To divide this issue over ONE nation is stupid.
Boycotts are important and I would even be open to a boycott that included Israel if it was unbiased and fair rather than singling out one nation. There really IS a way to do this and the Food Co-op is one place where it could be done right if that is really what people want.
Decide on a set of criteria that would trigger a boycott. Do so without bias towards or against any particular nation or ethnic group. Then apply those criteria to products from all nations. This would mean if the Co-op boycotts Israel for its human rights record, it would also be boycotting China, Lebanon, Turkey, Thailand, etc. There would be no hypocrisy, no apparent anti-Semitism, no bias, merely a consistent policy.

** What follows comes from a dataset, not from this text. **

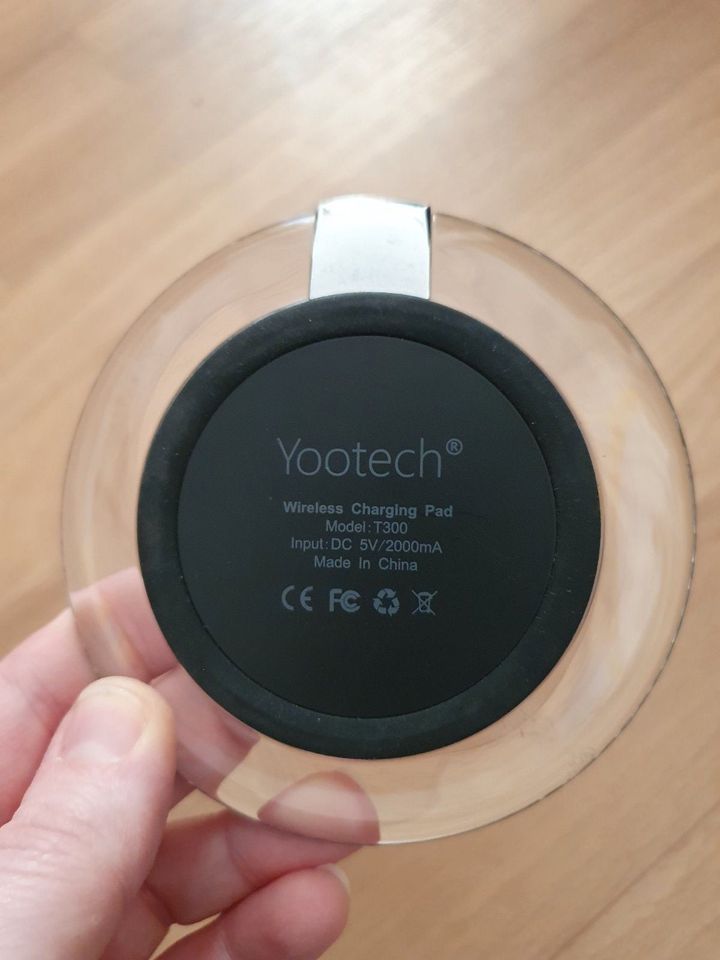 Yootech Wireless Charger Ladestation für induktives Laden in Halle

No one advocates this. They only single out Israel and in so doing split an otherwise amazingly diverse community where all members are about as close to equal as I think you can get. Perhaps such a fair and unbiased policy would rule out too many products. In which case the idea of a boycott based on the human rights record of a nation's government has to be either narrowed (in which case I doubt Israel would be included) or abandoned.
Boycotts of individual companies based on company policy seem completely different. But to boycott a company like Meditalia over the policies of Netanyahu makes no sense unless you apply the criteria of the boycott to all nations, not just Israel.
If the BDS movement pushed for a fair, unbiased and consistent boycott, I might agree with them. But they don't. They single out ONE nation and that one not even the one with the worst human rights record and that leads me to wonder why.